Parameters are specified with {} or [],All directives support no parameterThe default parameter for getting a chart is to query all information, for example

‘Show me the figure’ triggers the directive {batches} to query the level information of a batches, and [Loss hinge] to query the Loss and hinge indicators (normally, the same attribute parameters are separated by Spaces)

Similarly, [‘GPU’,’ GPU’, U’ graphics card ‘] is the keyword of GPU status query. [] specifies the parameter, as shown in the figure, to query the GPU memory and temperature. GPU parameters are determined based on the nvidia-SMI preset parameters and are all uppercase. See GitHub’s ReadMe or source code for query properties.

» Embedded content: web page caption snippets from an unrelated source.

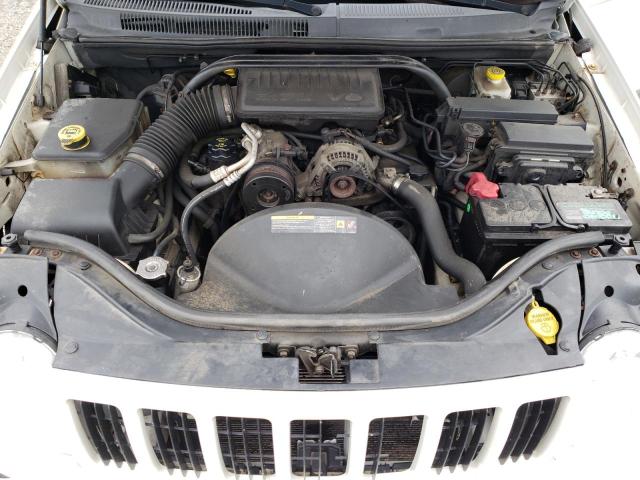 Photo 12 from auction – 2006 JEEP GRAND CHER with VIN 1J4GR48K96C196409
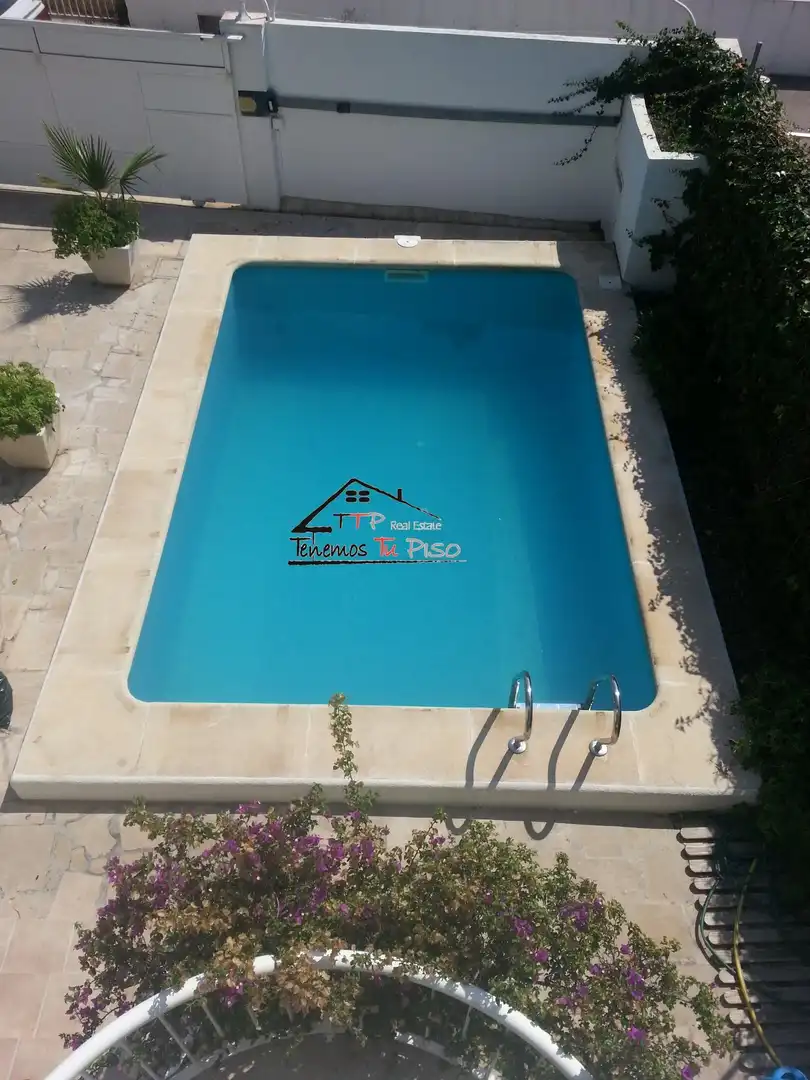 Terraced house with terrace for sale in Calle de Alena 5-7, imagen 11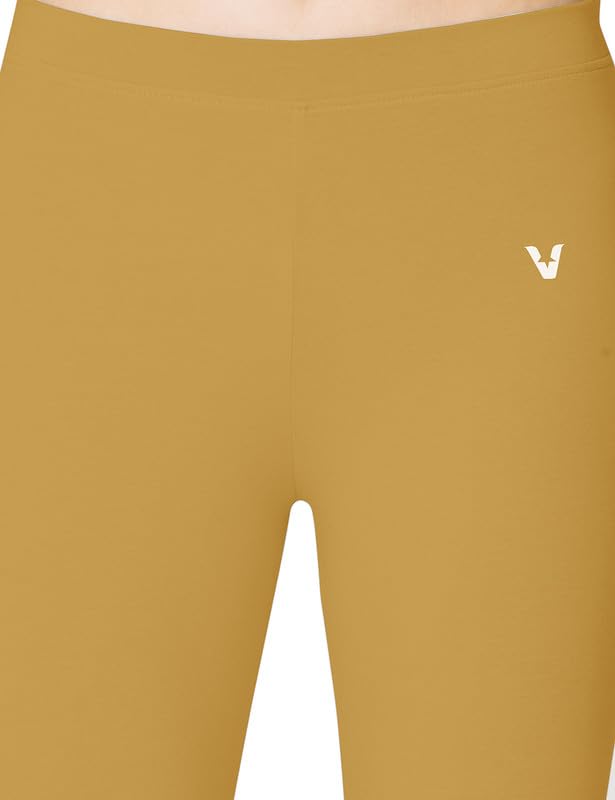 Image of VSTAR Full Length Stretchable chudi Leggings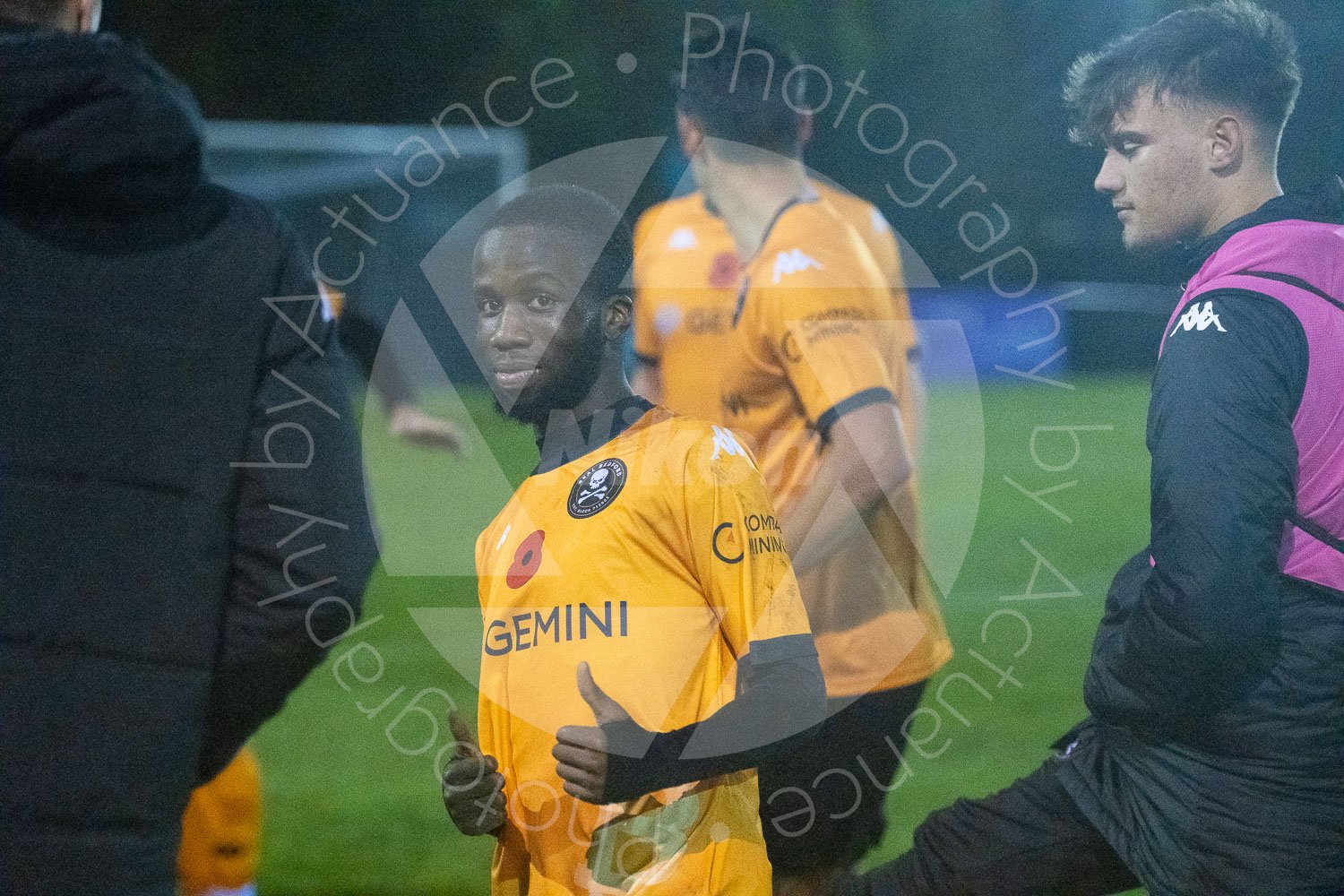 20221105 Real Bedford vs Raunds Town #1918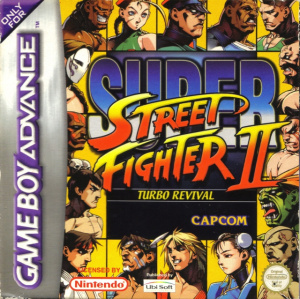 Super Street Fighter II: Turbo Revival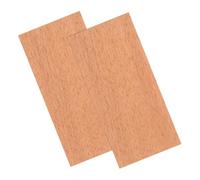 OUNONA 2 Piezas Accesorios Para Humidores De Láminas De Cedro Para Humidor Tiras Divisorias Virutas De Cedro Para Caja De Humidor Uso Humidores De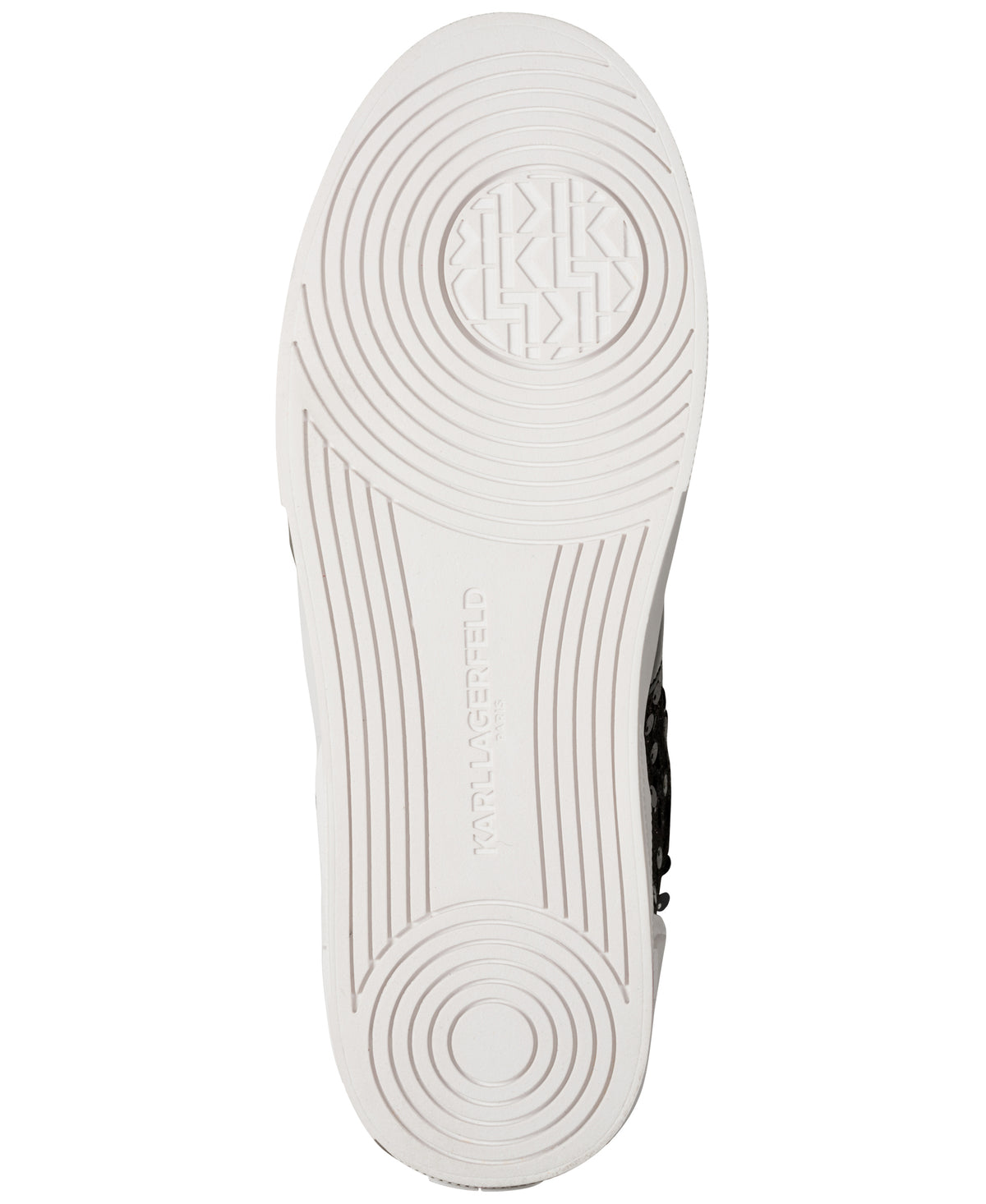 MABLYN LOGO LACE-UP SNEAKER VIEW 5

The shutdown command keyword is [u’ Shut down’,’Shut down’,’Shut down the computer’,u’ don’t waste power ‘,u’ wash sleep ‘], use {SEC} and [name] to specify wait time and save filename, filename does not include.h5. Save the model by default. If you don’t want to save the model, you can include [u’ don’t save the model ‘,”don’t save”] in the message, for example:

Shut down now{120},don't save
Copy the code

To cancel the shutdown, you only need to include [u’ cancel’,’ cancel’,’aaaa’]. If you are in a hurry, you can send a string of ‘A’ to it

The key words to Stop training immediately are [‘Stop now’, ‘That’s enough ‘, U ‘Stop training ‘, U’ give up therapy ‘]The keyword to Stop the epoch is “Stop at”. The parameter can be expressed as an integer without [].

Third, summary

The project took only two and a half days from idea to comment, GitHub and Zhihu. It was done in a rush and in a rough way, especially with the details of drawing and multi-threading.

I am just a freshman (suspended from ING), and my level is very limited. I sincerely ask you to give me more advice to improve my posture. If this project can bring you a little convenience or inspiration, I will feel very honored and gratified.

Thanks again @Coldwings for the original idea.